Assigned task –
Once the line holding "Western Blot - Anti-EPX" is found, output it and all remaining lines of the data exactly, with every picture left out.

Data below –
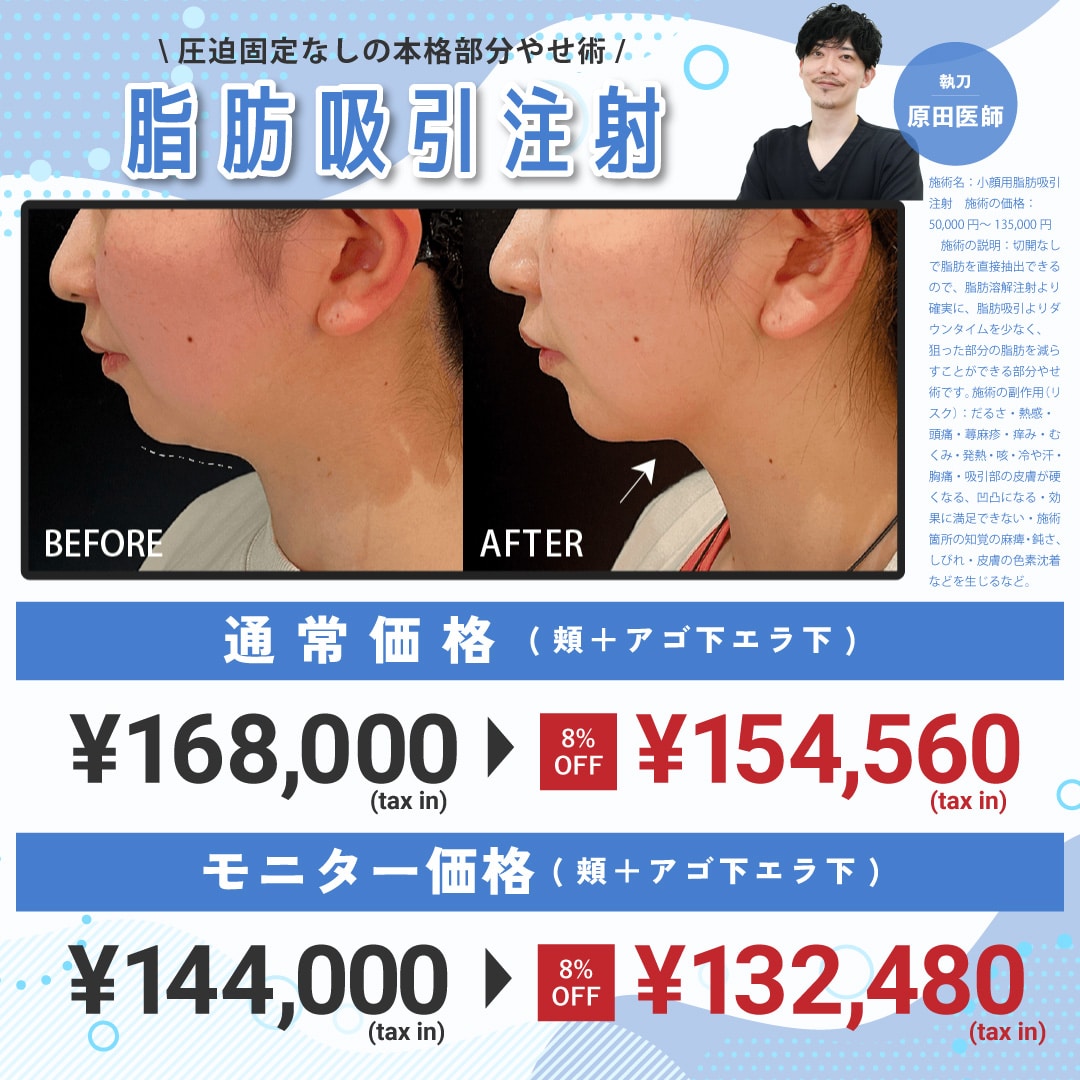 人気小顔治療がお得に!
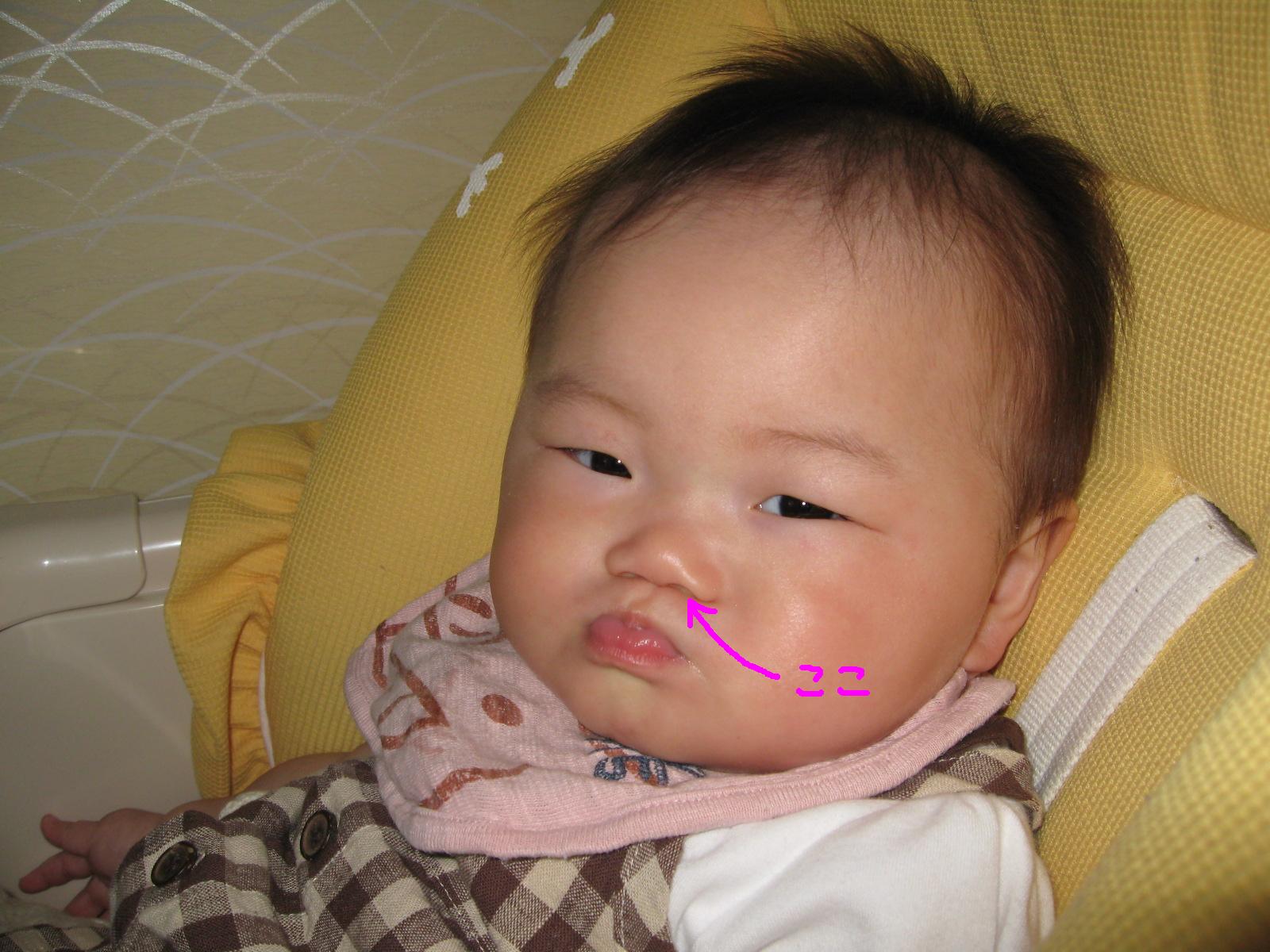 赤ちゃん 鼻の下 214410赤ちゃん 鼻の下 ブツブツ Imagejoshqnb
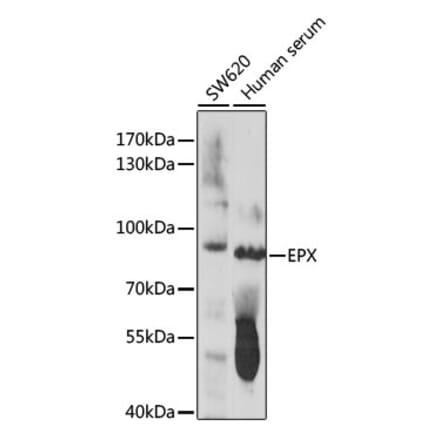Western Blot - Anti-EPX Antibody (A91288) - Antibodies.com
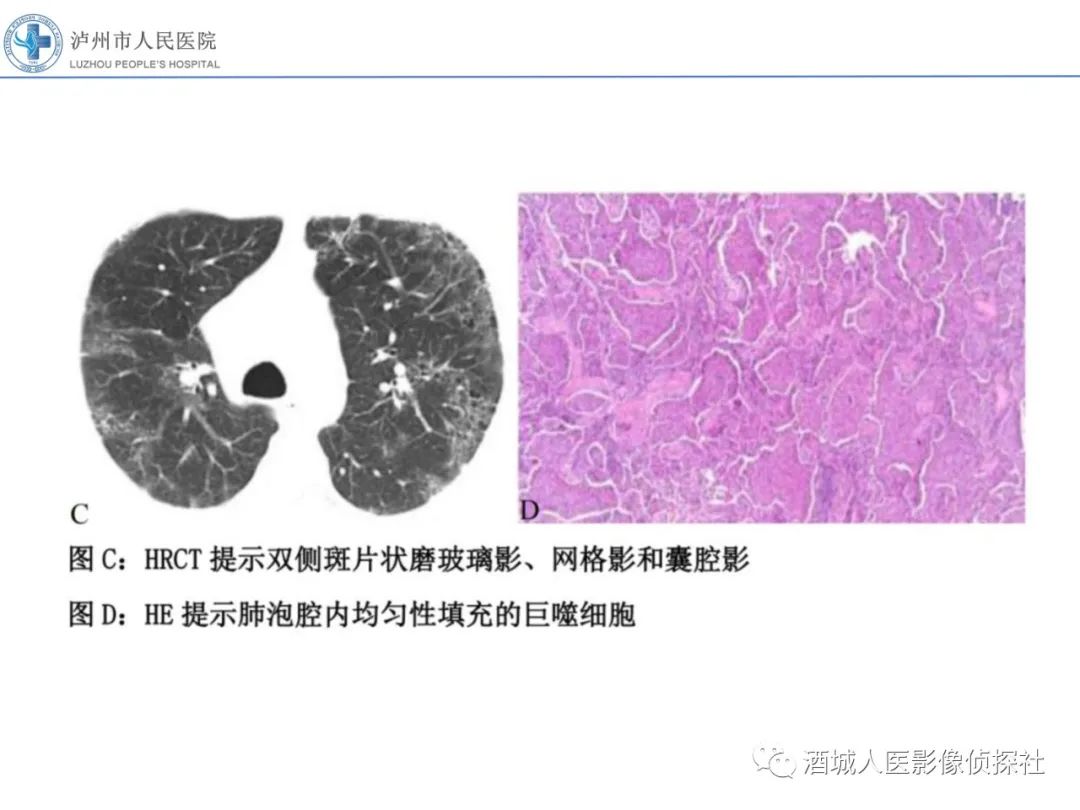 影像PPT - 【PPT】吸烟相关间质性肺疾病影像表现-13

Solution to the problem –
Western Blot - Anti-EPX Antibody (A91288) - Antibodies.com
 影像PPT - 【PPT】吸烟相关间质性肺疾病影像表现-13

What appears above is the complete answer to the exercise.